Examining the academic achievement disparities in K-12 education between Black and Hispanic students compared to White and Asian students is not a science, however the study of moral and ethical disparities that exist between the same groups could be groundbreaking and controversial.

In suburban Washington, D.C., the Fairfax County School Board (VA.), one of the nation’s largest school systems, was scheduled to vote Thursday night on whether to accept a staff report that concludes that Black and Hispanic students received lower marks than White and Asian American students because they demonstrate a lack of “sound moral character and ethical judgment,” according to a story in The Washington Post.

The report on student behavior, first presented to the board on March 27, measured the moral-ethical gap by computing the number of third-grade students who received “good” or “outstanding” marks on report cards in areas such as “accepts responsibility,” “listens to and follows directions,” “respects personal and school property,” “complies with established rules,” and “follows through on assignments,” according to The Post.

For older students, the report’s findings were based on the number of state-reported disciplinary infractions, a category where Black and Hispanic students fared worse than their White counterparts. The report also revealed other gaps among Black and Hispanic students when compared to White and Asian students. In skills such as being able to “contribute effectively within a group dynamic,” “resolve conflicts” and “make healthy life choices,” Whites and Asians outpaced Blacks and Hispanics, The Post reported.

“I really worry about the impact this type of data could have on the spirits of Black and Hispanic children in our school system,” said Martina Hone, the school board’s only Black member. “It’s damaging and feeds into the negative stereotypes about African-Americans and Hispanics that some in the mainstream have [and] the defeatist attitudes some of our young people have about themselves.”
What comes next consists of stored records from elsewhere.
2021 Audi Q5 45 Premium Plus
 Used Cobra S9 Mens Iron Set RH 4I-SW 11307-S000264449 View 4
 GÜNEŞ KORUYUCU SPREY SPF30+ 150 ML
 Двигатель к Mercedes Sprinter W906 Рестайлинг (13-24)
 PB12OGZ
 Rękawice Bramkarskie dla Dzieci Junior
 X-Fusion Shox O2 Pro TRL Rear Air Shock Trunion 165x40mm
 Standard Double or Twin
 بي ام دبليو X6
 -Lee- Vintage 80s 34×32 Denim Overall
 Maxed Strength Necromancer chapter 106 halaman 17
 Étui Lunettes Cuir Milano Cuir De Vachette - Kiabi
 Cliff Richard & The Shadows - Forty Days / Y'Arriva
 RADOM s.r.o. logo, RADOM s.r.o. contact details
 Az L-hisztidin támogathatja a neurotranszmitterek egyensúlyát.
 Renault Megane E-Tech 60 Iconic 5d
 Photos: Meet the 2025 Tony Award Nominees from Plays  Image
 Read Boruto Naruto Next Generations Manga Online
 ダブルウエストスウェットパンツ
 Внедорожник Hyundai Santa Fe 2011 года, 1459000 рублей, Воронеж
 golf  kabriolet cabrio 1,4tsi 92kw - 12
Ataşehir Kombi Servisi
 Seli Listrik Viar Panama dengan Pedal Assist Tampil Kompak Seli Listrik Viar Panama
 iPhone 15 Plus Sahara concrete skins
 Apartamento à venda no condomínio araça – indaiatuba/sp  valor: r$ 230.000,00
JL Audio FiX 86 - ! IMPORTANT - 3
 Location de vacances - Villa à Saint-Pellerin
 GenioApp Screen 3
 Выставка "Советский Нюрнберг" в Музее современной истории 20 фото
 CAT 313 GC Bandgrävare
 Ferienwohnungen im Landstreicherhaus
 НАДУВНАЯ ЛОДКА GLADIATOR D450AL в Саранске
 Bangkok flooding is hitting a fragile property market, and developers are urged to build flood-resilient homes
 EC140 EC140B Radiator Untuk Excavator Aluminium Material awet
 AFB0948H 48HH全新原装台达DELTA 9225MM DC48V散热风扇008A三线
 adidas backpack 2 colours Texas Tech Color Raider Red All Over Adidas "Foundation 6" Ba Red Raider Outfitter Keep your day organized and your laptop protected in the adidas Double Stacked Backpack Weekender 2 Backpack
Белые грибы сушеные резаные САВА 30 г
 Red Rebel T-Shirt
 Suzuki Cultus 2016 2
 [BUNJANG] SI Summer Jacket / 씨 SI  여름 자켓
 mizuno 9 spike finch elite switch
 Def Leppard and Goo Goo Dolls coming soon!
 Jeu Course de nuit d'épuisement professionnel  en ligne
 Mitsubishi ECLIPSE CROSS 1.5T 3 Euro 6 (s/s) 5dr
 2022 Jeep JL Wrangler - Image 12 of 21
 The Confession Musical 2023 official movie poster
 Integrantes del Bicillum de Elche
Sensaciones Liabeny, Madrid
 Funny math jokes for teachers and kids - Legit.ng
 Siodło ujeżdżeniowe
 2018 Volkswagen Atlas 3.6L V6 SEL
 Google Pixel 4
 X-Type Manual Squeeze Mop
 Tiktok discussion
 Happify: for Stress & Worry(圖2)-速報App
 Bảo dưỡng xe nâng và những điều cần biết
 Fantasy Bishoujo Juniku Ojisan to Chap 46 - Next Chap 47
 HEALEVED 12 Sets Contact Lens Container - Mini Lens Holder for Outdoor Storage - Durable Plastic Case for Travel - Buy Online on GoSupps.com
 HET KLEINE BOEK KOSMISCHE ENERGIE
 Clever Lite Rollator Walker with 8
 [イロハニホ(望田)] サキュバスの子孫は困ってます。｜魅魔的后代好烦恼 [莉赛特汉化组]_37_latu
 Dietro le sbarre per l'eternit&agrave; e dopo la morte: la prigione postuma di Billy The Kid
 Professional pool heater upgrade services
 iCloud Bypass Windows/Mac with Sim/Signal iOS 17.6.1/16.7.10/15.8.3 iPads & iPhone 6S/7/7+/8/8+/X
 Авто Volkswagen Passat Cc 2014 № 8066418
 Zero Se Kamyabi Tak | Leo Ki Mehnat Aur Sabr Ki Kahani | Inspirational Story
Hone was to spearhead a vote to postpone accepting the report until the school board and staff members had time to discuss the merits of this type of data analysis.

In 2006, the Fairfax County School Board mandated that Fairfax County teachers divide any data they collected, in terms of a students’ socioeconomic status, learning ability, reading level and every other significant data by race. “I believe that the intention of that was so that [the school board] identify problem areas and fix them. They [failed] to realize that when you collect data so susceptible to bias, it’s just not valid data,” Hone said.

The Fairfax County School Board has three specific objectives: to promote high academic achievement among all students, civic engagement and to provide students with essential life skills in the form of morality and ethics. However, its challenge lies in inspiring all of its students including minority students, which make up 46 percent of the student population, to succeed in all three areas.

“When you don’t have a school board or school system that reflects the diversity of the community that we serve, [there are] consequences. It makes a difference in how things are viewed,” Hone said.